I say I think the election was stolen for a number of reasons. For starters, I'll preface by saying that because I think the election was stolen doesn't mean I say that because I loved Trump so much. These irregularities and statistical anomalies just so happened to have taken place in 2020, when Trump and Biden was on the ticket.
I'll also say that much of my speculation doesn't exist in a vacuum. As you'll see, a lot of this is in comparison to elections going back over a century, not some argument specifically designed to explain why Trump lost. Any one of these on its own may not mean much, or even two, but all of them existing in one election is cause for concern.
So here's my list and I'll be brief so the trolls will have enough grist to chew on:
1. Trump managed to add ten million votes to his total from 2016 and still lost. For context, it's been well over a century since an incumbent President gained votes and still lost. Meanwhile, Biden managed to get almost eighty million votes...that's more than Obama got in 2012. Does Biden seem more popular than Obama was, like, ever?
2. Republicans picked up seats at the local, state, and federal level...but Trump lost? They were defending House and Senate seats and managed to keep most of them and pick up seats, but not enough Republicans turned out to re-elect Trump? Put a different way. Biden is this historically popular candidate (if you buy the numbers), but that phenomena didn't carry the Democrat Party writ large? Since when does that happen? And on a national scale.
3. Trump won FL and OH, the two states we know election observers pay close attention to since they tend to decide our elections and have for almost a century. Biden managed to win despite losing both states?
4. People talk about "battleground states", but nobody mentions the bellwether counties that historically have predicted the President for well over a century. Typically whichever candidate wins the majority of these counties becomes President, and that was even true when we nominated and elected our first Black President. Out of the 19 bellwether counties, Trump won like 18 of them. Biden literally won one and still managed to win. He won one bellwether county to managed to run the table on the battleground states?

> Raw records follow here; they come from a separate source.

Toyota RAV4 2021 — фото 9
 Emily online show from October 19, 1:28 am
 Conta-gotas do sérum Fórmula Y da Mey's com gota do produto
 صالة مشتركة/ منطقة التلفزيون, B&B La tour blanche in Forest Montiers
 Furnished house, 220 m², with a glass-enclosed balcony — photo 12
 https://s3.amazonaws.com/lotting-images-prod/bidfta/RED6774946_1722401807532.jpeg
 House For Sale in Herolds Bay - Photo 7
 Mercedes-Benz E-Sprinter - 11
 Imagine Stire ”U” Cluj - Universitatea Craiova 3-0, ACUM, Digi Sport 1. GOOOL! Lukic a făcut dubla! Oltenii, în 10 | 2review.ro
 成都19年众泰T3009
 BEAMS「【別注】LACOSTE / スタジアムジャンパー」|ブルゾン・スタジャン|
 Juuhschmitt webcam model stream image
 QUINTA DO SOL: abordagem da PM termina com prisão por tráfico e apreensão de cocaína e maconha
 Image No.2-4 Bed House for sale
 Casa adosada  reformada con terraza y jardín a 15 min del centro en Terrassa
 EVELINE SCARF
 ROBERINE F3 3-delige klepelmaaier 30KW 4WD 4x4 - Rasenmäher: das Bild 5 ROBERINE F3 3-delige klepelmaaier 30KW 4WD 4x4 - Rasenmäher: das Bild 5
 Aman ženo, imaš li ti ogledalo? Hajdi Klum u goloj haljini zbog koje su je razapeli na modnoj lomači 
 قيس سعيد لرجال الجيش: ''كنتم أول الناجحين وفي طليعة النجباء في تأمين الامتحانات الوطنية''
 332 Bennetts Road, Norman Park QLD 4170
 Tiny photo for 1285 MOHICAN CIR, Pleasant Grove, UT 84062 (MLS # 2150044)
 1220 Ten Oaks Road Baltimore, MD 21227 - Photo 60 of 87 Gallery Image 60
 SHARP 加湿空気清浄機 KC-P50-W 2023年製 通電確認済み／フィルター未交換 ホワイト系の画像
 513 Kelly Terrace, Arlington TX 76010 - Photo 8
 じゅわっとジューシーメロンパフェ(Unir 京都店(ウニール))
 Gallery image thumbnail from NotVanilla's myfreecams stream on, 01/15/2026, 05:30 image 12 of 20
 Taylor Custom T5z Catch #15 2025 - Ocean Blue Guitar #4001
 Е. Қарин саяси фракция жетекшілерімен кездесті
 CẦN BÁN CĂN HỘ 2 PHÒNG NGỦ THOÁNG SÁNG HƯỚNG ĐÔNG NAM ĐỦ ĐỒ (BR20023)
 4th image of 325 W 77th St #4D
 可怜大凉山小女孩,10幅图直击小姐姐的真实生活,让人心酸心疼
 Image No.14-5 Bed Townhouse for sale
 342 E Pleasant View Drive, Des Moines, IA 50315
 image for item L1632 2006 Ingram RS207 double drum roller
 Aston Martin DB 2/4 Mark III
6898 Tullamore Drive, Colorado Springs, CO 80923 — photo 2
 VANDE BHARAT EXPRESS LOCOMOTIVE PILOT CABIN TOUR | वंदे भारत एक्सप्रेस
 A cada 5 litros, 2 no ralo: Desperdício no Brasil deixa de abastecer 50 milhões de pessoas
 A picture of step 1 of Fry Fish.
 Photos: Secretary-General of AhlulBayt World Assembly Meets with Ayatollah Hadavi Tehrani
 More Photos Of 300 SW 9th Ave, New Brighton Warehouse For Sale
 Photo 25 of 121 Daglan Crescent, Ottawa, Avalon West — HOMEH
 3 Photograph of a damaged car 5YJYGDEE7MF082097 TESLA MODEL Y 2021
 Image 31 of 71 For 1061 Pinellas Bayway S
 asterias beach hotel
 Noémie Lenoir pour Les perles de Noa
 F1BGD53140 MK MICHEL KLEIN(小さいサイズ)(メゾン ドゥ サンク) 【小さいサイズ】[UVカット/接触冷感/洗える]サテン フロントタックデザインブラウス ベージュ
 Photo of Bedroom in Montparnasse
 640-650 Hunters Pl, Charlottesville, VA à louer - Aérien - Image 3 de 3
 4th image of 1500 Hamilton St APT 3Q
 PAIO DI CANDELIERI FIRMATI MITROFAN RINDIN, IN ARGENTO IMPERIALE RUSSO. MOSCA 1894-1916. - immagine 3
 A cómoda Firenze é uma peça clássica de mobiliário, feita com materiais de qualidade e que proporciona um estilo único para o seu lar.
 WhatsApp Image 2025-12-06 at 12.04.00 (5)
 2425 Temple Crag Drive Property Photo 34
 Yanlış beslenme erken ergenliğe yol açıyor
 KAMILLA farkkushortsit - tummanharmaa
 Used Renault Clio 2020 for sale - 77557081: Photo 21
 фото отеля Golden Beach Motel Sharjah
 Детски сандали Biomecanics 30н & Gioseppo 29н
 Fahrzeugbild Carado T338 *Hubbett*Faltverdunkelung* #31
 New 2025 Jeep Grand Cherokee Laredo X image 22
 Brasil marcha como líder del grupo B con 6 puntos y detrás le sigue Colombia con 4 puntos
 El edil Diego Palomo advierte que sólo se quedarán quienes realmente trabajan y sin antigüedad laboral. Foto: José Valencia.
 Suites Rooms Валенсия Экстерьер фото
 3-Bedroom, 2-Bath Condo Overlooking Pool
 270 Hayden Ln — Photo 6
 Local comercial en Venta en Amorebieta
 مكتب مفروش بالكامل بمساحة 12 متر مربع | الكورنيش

5. Piggybacking off #4, Biden managed to underperform virtually all over the country except the battleground states he had to win. In Milwaukee, Detroit, Philly, and Atlanta, Biden voters turned out in droves...but liberal enclaves where his popularity should have been palpable, it was substandard (comparing that to Hillary, who managed to win the popular vote and still lost).
6. And let's remember something: Biden *barely* won the DNC Primary. Mayor Pete and Bernie won Primaries. Then all of a sudden, Pete and Klobuchar dropped out of the race days before the SC Primary. Two candidates dropped out before Joe won a single primary.
7. The weirdness with the burst pipes and the temporary halt on counting ballots in the swing states made me raise an eyebrow. Trust me, I've read the full "there's nothing to worry about, honest, trust us" explanations from "reliable sources". I don't buy it. I think all of that was just a way to see how much Joe needed to win each battleground state. I wouldn't even blame Biden votes for being skeptical if the reverse were true. If there was some hanky-panky going on in a battleground state and then all of a sudden Trump won. It would look suspicious.
8. Courts in three of the battleground states have found that unilateral decisions made in 2020 were against the law and/or unconstitutional. PA, MI, and WI have all had under-reported court decisions on this.
I just don't buy it was valid.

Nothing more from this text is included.